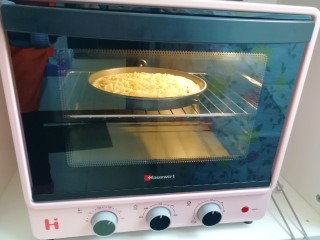 14、紫薯披萨,上下管190度烤20分钟。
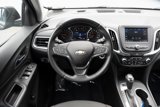 Used 2020 Chevrolet Equinox LT image 2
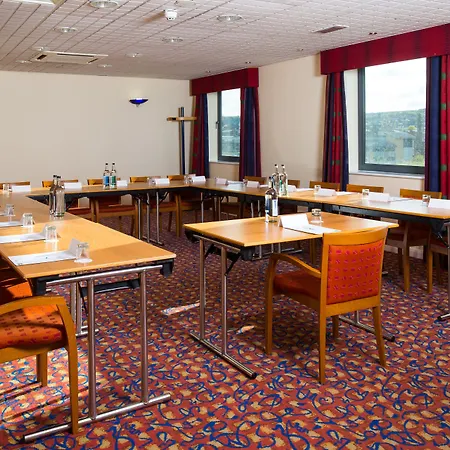 Hotel Express Centre By Ihg 3*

EXERCISE. Every line above is to be repeated exactly, but no picture is to appear in the copy.

YOUR SOLUTION.
 14、紫薯披萨,上下管190度烤20分钟。
 Used 2020 Chevrolet Equinox LT image 2
 Hotel Express Centre By Ihg 3*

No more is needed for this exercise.